Published in: on November 18, 2010 at 4:44 pm  Comments (1)  

Another Example of How Four-Year-Olds Don’t Struggle With Bluntness

Today when the Pre-K class at the Training Station was praying before lunch, I was standing nearby so I took off my hat during the prayer.  Here’s the conversation that followed:

Four-year-old boy: Pastor Nathan, guess what?

Me: What?

Four-year-old boy: You don’t have any hair!

Thanks kid.

Published in: on October 12, 2010 at 1:04 pm  Comments (1)  

Need An Exterminator?

Me: Did you find any spiders?

4-year-old: Yeah, I killed it and now its head is on my shoe!

Published in: on September 14, 2010 at 12:49 pm  Leave a Comment  

Stuff That Scares Us

We’re in the middle of Summer Bible Camp at CrossWay Church.  We’re on a High Seas Expedition!
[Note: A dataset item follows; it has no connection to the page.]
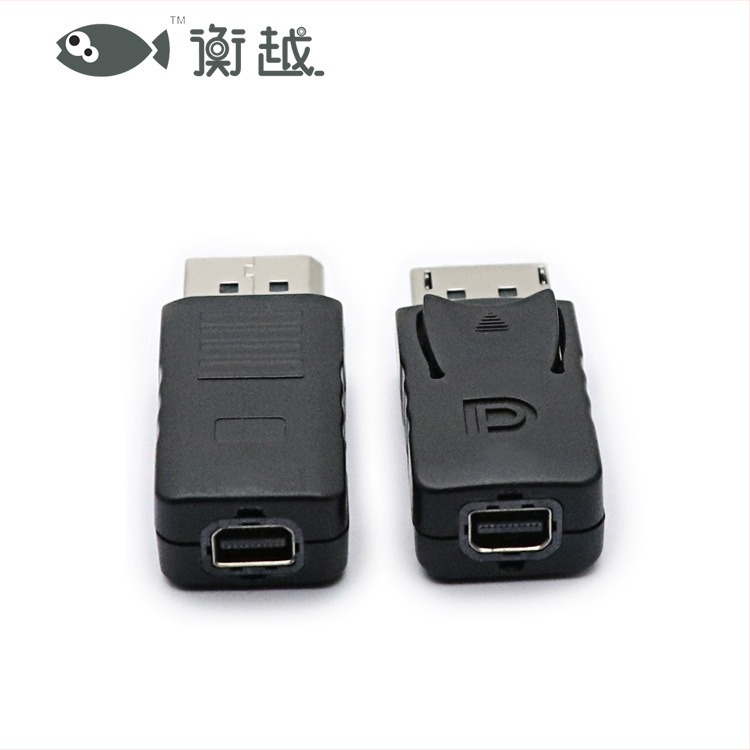 Mini DP női–DP férfi adapter, DP interfész, OEM gyártás, HYZ761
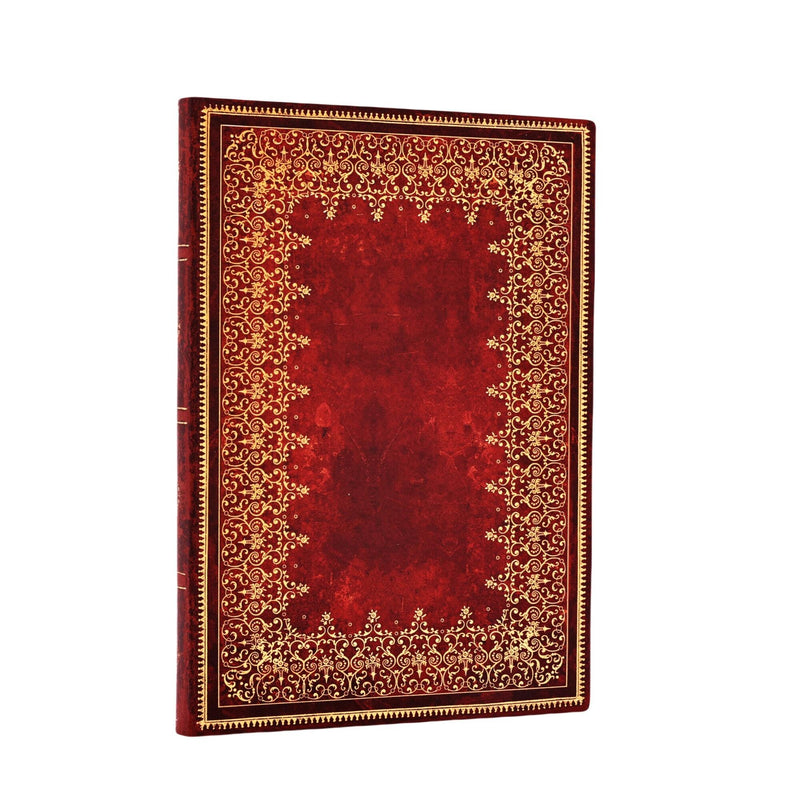 Foiled Midi Lined Softcover Journal, 176pg, 100GSM by Paperblanks (Old Leather Collection)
A couple nights ago we were talking about how God’s Word is comforting.  The Bible story teacher asked the kids if they’d ever been scared.  One little guy said, “Last night there was a nightmare in my bed!”  Note to parents: When you tuck your kids in at night, be sure to check the sheets and sweep away any nightmares lurking there!

Another four-year-old boy said he’s afraid of ghosts.  When asked if he’s ever seen a ghost, he replied: “I’ve seen a dead ghost!”

(By the way, don’t think about the “dead ghost” thing too much.  Trust me, it’ll only make you dizzy.)